→ **Work request**
What you return must be an exact copy of the lines in the listing below between the line holding "લહસુની પાલક ખીચડી" and the line holding "2018 Honda Accord 1.5T 194HP L4 CVT", inclusive, and nothing more.

→ **Information given**
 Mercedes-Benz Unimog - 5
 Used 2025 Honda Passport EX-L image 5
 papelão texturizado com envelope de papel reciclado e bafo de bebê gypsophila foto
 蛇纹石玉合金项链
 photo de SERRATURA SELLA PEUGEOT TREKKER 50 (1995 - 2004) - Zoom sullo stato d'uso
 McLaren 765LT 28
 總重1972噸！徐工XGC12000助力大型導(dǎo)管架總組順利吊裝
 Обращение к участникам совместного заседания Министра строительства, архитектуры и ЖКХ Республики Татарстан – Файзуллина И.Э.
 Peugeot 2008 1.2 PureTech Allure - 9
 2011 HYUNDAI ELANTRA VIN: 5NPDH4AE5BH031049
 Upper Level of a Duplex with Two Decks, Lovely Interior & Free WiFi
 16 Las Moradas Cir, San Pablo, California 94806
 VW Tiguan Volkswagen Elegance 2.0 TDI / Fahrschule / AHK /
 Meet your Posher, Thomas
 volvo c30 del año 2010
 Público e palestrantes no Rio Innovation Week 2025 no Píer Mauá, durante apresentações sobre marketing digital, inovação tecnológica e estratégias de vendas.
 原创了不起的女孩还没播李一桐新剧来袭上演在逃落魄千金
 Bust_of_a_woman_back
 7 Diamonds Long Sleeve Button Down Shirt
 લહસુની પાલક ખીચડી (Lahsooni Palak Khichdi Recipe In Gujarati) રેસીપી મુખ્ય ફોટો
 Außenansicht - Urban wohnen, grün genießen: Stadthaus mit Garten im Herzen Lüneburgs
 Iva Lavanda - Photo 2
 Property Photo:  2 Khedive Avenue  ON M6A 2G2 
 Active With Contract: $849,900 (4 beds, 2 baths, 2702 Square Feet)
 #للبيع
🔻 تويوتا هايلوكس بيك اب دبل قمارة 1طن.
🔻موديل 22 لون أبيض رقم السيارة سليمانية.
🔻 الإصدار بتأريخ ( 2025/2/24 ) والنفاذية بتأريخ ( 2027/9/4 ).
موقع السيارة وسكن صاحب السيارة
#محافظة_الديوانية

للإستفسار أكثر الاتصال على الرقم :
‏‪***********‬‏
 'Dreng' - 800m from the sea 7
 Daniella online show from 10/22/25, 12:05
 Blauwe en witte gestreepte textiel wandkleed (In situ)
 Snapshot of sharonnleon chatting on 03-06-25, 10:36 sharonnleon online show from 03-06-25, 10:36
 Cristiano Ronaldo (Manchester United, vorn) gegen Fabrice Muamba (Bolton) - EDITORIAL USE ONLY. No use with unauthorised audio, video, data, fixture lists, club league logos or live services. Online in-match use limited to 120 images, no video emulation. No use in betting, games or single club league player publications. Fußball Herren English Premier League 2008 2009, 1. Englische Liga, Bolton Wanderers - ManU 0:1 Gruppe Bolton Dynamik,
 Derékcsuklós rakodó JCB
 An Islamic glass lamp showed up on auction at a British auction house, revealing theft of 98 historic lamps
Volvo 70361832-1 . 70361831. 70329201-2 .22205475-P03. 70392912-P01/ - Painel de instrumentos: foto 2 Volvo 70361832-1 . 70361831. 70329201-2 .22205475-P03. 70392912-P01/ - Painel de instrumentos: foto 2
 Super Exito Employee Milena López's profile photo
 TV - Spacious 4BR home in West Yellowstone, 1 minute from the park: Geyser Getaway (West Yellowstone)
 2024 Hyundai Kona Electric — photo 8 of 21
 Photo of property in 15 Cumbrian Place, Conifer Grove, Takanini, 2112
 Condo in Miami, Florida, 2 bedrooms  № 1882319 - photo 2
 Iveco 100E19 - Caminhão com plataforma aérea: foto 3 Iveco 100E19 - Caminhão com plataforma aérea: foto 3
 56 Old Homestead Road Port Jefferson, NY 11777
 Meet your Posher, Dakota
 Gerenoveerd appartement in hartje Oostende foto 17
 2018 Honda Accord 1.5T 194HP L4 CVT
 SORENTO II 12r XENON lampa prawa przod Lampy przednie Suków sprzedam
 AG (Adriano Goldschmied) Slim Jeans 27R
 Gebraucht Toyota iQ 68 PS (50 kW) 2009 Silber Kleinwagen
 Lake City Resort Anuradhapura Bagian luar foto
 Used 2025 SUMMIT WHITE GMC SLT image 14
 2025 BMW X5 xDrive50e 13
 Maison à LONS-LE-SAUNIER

→ **Response for this exercise**
 લહસુની પાલક ખીચડી (Lahsooni Palak Khichdi Recipe In Gujarati) રેસીપી મુખ્ય ફોટો
 Außenansicht - Urban wohnen, grün genießen: Stadthaus mit Garten im Herzen Lüneburgs
 Iva Lavanda - Photo 2
 Property Photo:  2 Khedive Avenue  ON M6A 2G2 
 Active With Contract: $849,900 (4 beds, 2 baths, 2702 Square Feet)
 #للبيع
🔻 تويوتا هايلوكس بيك اب دبل قمارة 1طن.
🔻موديل 22 لون أبيض رقم السيارة سليمانية.
🔻 الإصدار بتأريخ ( 2025/2/24 ) والنفاذية بتأريخ ( 2027/9/4 ).
موقع السيارة وسكن صاحب السيارة
#محافظة_الديوانية

للإستفسار أكثر الاتصال على الرقم :
‏‪***********‬‏
 'Dreng' - 800m from the sea 7
 Daniella online show from 10/22/25, 12:05
 Blauwe en witte gestreepte textiel wandkleed (In situ)
 Snapshot of sharonnleon chatting on 03-06-25, 10:36 sharonnleon online show from 03-06-25, 10:36
 Cristiano Ronaldo (Manchester United, vorn) gegen Fabrice Muamba (Bolton) - EDITORIAL USE ONLY. No use with unauthorised audio, video, data, fixture lists, club league logos or live services. Online in-match use limited to 120 images, no video emulation. No use in betting, games or single club league player publications. Fußball Herren English Premier League 2008 2009, 1. Englische Liga, Bolton Wanderers - ManU 0:1 Gruppe Bolton Dynamik,
 Derékcsuklós rakodó JCB
 An Islamic glass lamp showed up on auction at a British auction house, revealing theft of 98 historic lamps
Volvo 70361832-1 . 70361831. 70329201-2 .22205475-P03. 70392912-P01/ - Painel de instrumentos: foto 2 Volvo 70361832-1 . 70361831. 70329201-2 .22205475-P03. 70392912-P01/ - Painel de instrumentos: foto 2
 Super Exito Employee Milena López's profile photo
 TV - Spacious 4BR home in West Yellowstone, 1 minute from the park: Geyser Getaway (West Yellowstone)
 2024 Hyundai Kona Electric — photo 8 of 21
 Photo of property in 15 Cumbrian Place, Conifer Grove, Takanini, 2112
 Condo in Miami, Florida, 2 bedrooms  № 1882319 - photo 2
 Iveco 100E19 - Caminhão com plataforma aérea: foto 3 Iveco 100E19 - Caminhão com plataforma aérea: foto 3
 56 Old Homestead Road Port Jefferson, NY 11777
 Meet your Posher, Dakota
 Gerenoveerd appartement in hartje Oostende foto 17
 2018 Honda Accord 1.5T 194HP L4 CVT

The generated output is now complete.